If the edge box also needs device records, remote monitoring, alarms, work orders, and long-term operations, evaluate the ZedIoT IoT platform together with the hardware. For vision or speech workloads, also review YOLO custom development and FunASR speech recognition development as part of the model deployment path.

7. Conclusion
Choosing between AIHub-Z3 and AIHub-Z5 should not be reduced to “RK3566 or RK3588.” More useful questions are:
- Is the workload lightweight recognition or multi-channel complex inference?
- Are the peripherals limited to networking and one camera, or do they include displays, scanners, printers, and card readers?
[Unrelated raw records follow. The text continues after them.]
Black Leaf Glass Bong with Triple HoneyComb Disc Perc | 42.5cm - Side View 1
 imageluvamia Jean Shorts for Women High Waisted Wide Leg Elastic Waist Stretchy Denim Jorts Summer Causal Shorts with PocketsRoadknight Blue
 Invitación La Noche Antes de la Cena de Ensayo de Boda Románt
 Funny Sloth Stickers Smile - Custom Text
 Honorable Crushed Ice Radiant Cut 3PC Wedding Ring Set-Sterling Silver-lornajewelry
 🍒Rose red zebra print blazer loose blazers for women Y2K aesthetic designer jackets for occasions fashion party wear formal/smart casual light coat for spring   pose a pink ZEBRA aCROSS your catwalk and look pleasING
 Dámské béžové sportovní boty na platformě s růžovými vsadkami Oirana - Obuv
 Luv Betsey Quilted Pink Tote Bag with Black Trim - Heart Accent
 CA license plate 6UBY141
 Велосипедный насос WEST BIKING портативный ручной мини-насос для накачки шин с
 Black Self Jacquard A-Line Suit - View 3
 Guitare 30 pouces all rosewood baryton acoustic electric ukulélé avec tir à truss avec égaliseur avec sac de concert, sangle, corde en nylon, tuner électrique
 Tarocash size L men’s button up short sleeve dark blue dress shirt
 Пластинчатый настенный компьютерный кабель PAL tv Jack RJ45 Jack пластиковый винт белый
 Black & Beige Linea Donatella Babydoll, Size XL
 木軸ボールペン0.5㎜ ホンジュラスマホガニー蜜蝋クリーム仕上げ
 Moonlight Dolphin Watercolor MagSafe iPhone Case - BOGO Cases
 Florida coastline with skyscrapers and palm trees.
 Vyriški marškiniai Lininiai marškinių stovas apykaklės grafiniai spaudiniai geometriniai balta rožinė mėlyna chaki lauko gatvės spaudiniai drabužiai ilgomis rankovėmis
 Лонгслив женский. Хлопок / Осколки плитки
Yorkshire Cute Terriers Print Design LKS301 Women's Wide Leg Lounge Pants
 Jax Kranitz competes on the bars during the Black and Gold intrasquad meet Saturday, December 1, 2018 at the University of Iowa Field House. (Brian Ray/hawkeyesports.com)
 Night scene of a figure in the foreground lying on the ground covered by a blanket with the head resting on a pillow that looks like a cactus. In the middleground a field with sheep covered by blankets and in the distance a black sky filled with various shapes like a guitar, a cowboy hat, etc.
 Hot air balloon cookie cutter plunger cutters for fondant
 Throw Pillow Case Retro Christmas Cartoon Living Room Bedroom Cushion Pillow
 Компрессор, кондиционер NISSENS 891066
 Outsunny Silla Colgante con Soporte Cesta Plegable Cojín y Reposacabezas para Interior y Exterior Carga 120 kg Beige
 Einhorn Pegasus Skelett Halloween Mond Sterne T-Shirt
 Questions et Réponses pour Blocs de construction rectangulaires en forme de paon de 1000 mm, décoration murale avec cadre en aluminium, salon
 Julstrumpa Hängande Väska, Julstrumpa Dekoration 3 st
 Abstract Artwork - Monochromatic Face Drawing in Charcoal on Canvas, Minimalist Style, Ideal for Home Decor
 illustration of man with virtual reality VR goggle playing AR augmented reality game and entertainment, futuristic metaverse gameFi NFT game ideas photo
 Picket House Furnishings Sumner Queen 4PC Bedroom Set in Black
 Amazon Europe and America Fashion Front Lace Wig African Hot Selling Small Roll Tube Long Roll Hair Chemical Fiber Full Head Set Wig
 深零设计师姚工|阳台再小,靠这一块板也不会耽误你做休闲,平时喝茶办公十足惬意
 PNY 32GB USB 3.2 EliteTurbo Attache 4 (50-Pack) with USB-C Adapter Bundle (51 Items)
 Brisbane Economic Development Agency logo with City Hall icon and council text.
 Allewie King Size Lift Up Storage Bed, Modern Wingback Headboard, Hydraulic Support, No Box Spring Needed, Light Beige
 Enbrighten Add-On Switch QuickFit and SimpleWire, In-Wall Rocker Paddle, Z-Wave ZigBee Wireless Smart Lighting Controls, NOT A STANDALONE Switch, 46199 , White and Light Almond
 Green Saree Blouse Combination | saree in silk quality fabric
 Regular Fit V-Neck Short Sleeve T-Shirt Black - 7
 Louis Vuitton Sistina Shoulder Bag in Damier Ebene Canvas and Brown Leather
- Does the site need wide-temperature operation, interference tolerance, and 24/7 runtime?
- Will per-node cost scale across many deployment points?
- Does the system need platform-based remote operations later?
If the project focuses on lightweight AIoT, smart buildings, energy management, and single-channel recognition, AIHub-Z3 is usually the more economical starting point. If the project involves industrial vision, complex security, many peripherals, and high-load on-site inference, AIHub-Z5 better matches the edge-host requirement. The goal is not to buy the highest specification. The goal is to match compute, interfaces, environment, cost, and operations to the real site.